The strongest argument for adding this type of lending to mortgage-training curriculum may be because of the benefits that come with the comparatively rapid application and approval process associated with hard-money funding.

As with most business endeavors, timing is everything in the real estate market, and any time lost due to processing a loan application may cost an investor thousands of dollars, or even the entire deal. In many cases, there are several investors vying for a single property, meaning that the first to show up with the necessary capital leaves with the deed.

Mortgage originators who understand how to take advantage of the expedited process that hard-money lending often offers over its conventional counterparts will likely find themselves in a position to finalize more deals and move on to the next ones. This timeliness is a frequent benefit of hard money that cannot be overstated.

Distressed properties

Hard-money financing provides a great opportunity for investors who are interested in quickly closing deals on distressed properties. Because these assets are usually offered by sellers motivated to move their property immediately, the rapid processing time and quick availability of capital associated with hard-money lending means deals may be turned around in mere days rather than weeks.

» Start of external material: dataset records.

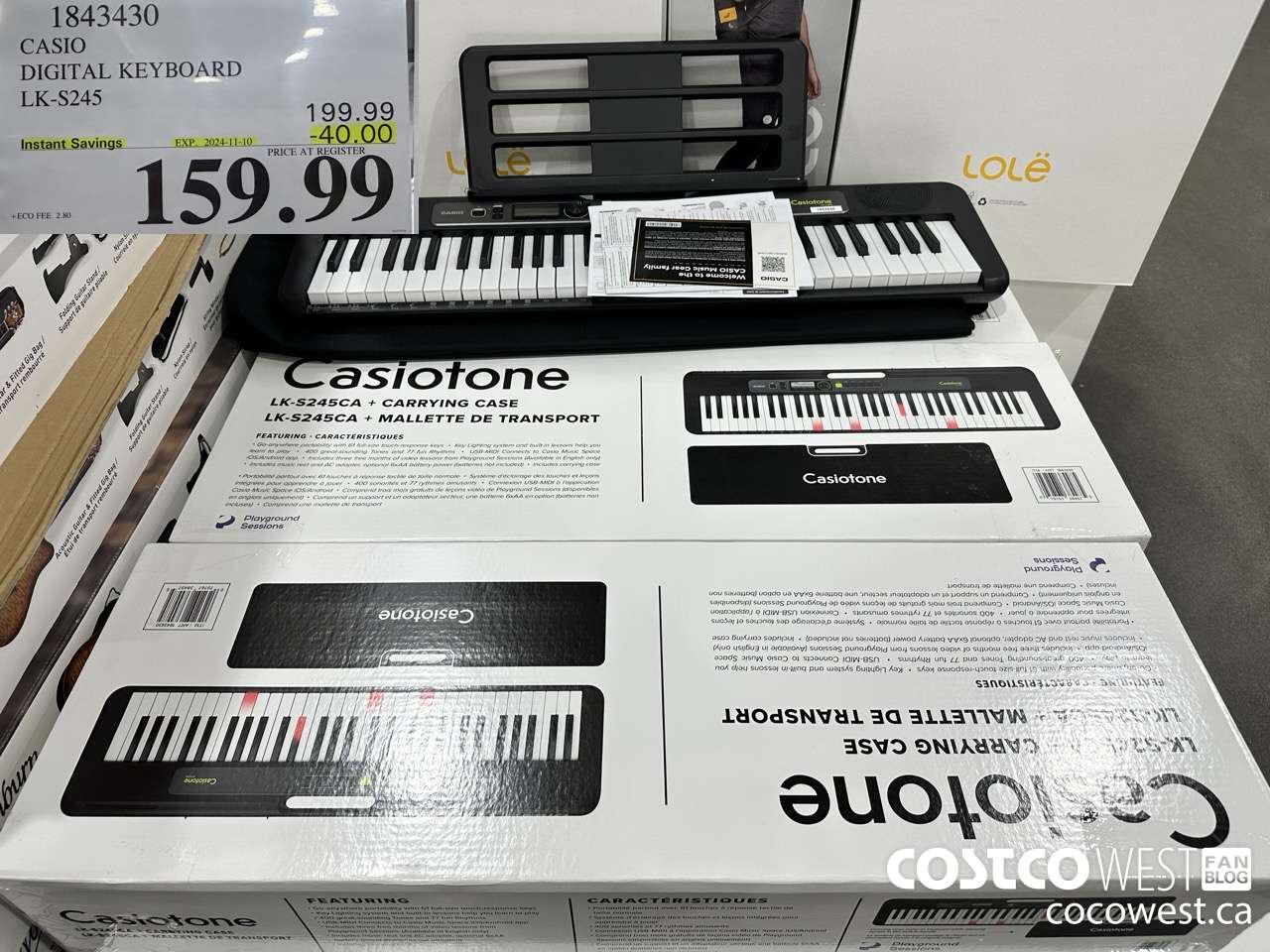 1843430 CASIO DIGITAL KEYBOARD LK-S245 WITH CASE ($40.00 INSTANT SAVINGS EXPIRES ON 2024-11-10) $159.99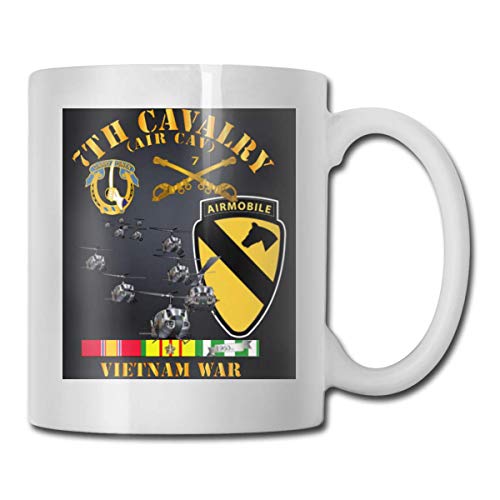 Séptima Caballería (Air Cav) - 1st Cav Division W SVC Ultra White Ceramic Funny Coffee Mug Short Mug Mark Mug Unique Coffee Oz Coffee Mug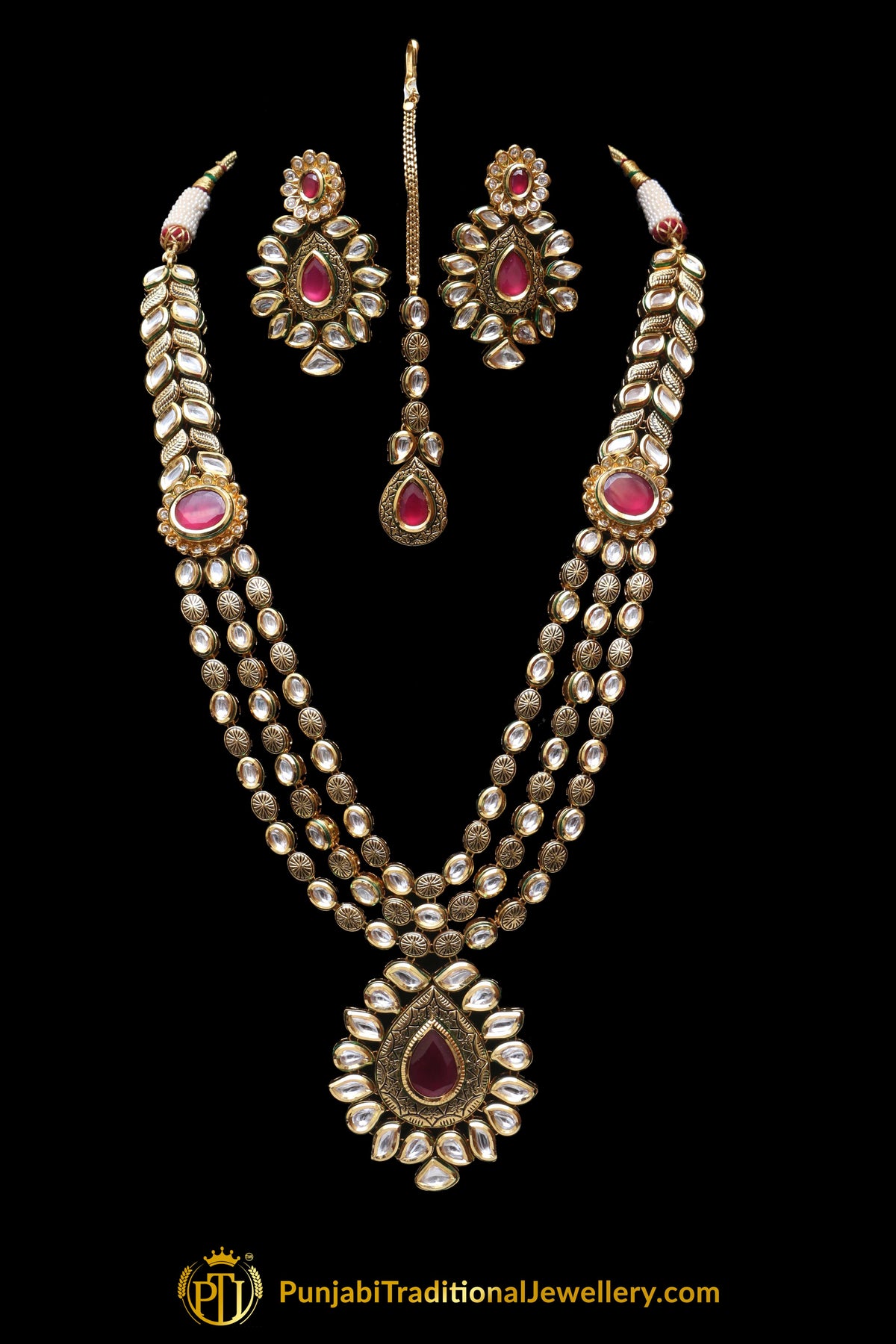 Triple Stringed Kundan With Pendant Necklace Set By Punjabi Traditional Jewellery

Some commercial real estate brokerages are already recognizing this, offering themselves to the marketplace as distressed-property specialists. These brokerages have recognized the vast business potential in this niche, which combines an opportunistic buyer, a motivated seller and, by using hard money, a comparatively simple way to secure the necessary capital.

Find an edge

New commercial brokers enter the marketplace every year. Many of these originators are looking for any edge to make their mark and get ahead in an already highly competitive industry. But because of the number of experienced originators and agencies that have already established their presence and reputations, finding a competitive edge is difficult. Fortunately, the emergence of hard money in the commercial sector provides a great opportunity for up-and-coming mortgage originators. By becoming experts in the nuances and processes of hard-money lending, new originators have a valuable tool available to help generate more interest in their burgeoning businesses. Commercial borrowers are looking for mortgage facilitators who truly understand the modern real estate marketplace, and part of that involves expertise in alternatives to conventional funding.

Learning more about this financing option is simple. A number of companies offer hard-money training via the Web, videos, books and other sources. Taking advantage of the opportunities that hard-money financing provides could mean the difference between stumbling out of the proverbial starting gate in the mortgage business and hitting the ground running with a funding option that offers clients unique investment opportunities and speedy closes.

No one is sure whether or not the large lending institutions will reopen their coffers any time soon, leaving the commercial real estate industry in an ongoing state of flux. As a result, it appears that hard money’s impact on the current commercial property boom isn’t going to abate anytime soon.

It may be just a matter of time before hard-money lending knowledge becomes part of the standard curriculum in mortgage-industry training. Why not take advantage of the competitive edge available by becoming an expert in it before it becomes a requirement?